== Segment start ==

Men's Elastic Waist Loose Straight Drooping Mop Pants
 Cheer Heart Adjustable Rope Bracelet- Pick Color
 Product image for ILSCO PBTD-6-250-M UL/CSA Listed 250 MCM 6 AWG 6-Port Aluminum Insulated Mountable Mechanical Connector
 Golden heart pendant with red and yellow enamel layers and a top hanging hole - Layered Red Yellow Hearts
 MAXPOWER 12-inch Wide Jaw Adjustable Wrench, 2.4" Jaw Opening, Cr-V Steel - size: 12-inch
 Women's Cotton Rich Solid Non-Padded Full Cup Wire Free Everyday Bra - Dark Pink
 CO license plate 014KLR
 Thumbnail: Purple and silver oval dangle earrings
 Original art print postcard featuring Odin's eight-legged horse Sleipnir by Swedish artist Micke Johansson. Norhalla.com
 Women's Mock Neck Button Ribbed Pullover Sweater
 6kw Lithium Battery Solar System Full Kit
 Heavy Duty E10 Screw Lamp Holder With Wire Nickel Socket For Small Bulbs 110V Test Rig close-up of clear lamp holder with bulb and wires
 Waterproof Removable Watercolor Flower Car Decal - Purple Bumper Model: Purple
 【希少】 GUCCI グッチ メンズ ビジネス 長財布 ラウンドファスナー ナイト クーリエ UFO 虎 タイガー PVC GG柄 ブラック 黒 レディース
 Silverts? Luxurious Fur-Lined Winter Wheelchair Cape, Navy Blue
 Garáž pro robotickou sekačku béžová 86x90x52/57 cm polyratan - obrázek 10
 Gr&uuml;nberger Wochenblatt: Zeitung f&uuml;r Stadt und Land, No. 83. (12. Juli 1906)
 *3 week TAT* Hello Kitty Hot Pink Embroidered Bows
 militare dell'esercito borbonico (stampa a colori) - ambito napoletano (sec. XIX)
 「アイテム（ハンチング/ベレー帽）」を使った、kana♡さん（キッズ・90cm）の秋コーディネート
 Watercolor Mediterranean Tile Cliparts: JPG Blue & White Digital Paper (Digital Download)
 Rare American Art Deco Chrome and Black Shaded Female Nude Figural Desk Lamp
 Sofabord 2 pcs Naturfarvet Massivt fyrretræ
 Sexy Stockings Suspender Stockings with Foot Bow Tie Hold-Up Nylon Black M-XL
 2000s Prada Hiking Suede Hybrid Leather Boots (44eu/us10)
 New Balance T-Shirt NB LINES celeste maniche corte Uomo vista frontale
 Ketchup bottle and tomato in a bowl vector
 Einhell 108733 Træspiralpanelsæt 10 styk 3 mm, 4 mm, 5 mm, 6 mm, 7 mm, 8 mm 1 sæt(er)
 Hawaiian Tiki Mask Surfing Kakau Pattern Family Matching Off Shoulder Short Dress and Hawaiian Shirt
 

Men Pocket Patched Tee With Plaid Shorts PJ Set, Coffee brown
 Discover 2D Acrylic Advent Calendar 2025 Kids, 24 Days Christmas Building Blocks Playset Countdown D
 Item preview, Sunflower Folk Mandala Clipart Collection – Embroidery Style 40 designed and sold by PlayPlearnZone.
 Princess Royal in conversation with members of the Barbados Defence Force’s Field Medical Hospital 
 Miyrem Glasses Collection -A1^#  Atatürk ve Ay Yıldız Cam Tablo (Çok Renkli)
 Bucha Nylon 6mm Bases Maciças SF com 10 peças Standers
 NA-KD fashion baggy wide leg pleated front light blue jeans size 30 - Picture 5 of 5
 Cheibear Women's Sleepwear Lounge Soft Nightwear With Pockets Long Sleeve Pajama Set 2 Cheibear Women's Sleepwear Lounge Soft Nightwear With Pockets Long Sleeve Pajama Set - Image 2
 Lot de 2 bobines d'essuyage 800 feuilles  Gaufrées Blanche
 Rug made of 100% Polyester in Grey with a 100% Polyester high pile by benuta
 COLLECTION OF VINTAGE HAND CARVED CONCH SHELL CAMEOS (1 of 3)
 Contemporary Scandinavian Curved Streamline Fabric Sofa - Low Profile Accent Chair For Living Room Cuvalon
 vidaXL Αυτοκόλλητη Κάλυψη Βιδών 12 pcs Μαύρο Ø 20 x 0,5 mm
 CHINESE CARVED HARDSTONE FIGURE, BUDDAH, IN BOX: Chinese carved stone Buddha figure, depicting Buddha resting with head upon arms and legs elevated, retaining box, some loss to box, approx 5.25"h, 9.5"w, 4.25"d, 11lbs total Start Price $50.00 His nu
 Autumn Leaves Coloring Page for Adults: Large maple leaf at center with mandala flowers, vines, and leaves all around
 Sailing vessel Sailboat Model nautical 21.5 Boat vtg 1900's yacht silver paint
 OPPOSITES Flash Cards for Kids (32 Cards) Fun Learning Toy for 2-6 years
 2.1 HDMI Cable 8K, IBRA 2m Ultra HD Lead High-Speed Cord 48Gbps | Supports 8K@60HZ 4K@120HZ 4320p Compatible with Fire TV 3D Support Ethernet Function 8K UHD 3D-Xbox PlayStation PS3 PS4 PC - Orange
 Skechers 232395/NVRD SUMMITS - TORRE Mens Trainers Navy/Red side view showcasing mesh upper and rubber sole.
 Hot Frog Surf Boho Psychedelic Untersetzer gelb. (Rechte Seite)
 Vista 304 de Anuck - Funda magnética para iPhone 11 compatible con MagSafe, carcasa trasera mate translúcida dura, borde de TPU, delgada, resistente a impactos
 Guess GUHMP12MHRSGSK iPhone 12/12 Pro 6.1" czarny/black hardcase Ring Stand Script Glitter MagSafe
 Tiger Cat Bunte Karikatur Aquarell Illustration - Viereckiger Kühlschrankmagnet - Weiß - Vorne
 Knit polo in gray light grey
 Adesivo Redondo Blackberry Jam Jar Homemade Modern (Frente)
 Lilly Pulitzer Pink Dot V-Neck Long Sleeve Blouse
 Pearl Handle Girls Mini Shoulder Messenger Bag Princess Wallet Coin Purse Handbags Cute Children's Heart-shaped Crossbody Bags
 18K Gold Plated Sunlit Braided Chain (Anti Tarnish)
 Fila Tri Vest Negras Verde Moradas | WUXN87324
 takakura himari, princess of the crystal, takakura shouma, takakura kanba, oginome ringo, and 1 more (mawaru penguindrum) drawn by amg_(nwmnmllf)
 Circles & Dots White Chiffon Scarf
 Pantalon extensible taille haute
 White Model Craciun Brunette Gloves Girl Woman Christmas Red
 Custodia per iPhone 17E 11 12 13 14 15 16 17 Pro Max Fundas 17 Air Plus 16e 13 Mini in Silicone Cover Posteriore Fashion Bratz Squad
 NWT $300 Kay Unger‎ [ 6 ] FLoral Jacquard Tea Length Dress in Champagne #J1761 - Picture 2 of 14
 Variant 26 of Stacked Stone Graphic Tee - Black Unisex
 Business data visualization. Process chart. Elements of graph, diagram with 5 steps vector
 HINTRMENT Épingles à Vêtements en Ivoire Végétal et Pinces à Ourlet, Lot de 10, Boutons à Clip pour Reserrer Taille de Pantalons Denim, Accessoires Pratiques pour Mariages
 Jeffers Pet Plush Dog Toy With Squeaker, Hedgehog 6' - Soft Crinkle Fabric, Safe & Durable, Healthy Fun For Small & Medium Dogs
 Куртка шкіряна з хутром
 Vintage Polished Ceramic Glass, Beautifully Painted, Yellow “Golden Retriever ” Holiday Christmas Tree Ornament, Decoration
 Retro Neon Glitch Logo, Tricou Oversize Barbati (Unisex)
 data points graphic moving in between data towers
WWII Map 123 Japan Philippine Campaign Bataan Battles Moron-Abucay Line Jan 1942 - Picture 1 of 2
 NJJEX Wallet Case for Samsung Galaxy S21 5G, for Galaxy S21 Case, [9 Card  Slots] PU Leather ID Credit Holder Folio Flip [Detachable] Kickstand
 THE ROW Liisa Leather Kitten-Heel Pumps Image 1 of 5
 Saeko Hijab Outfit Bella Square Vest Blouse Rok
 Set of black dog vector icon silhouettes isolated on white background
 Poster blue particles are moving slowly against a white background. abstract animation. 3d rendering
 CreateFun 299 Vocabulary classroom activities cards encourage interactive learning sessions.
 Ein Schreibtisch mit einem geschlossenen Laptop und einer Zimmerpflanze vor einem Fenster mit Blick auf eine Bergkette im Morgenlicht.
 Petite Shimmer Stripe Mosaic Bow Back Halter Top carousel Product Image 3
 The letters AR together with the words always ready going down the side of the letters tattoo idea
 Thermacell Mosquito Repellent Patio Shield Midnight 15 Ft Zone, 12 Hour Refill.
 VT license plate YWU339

== Segment end ==

• [EXERCISE DETAILS]: After locating the line with "Bucha Nylon 6mm" above, return that line and every later line through the one with "Set - Image 2", word for word and with nothing else.

• [YOUR SOLUTION]:
 Bucha Nylon 6mm Bases Maciças SF com 10 peças Standers
 NA-KD fashion baggy wide leg pleated front light blue jeans size 30 - Picture 5 of 5
 Cheibear Women's Sleepwear Lounge Soft Nightwear With Pockets Long Sleeve Pajama Set 2 Cheibear Women's Sleepwear Lounge Soft Nightwear With Pockets Long Sleeve Pajama Set - Image 2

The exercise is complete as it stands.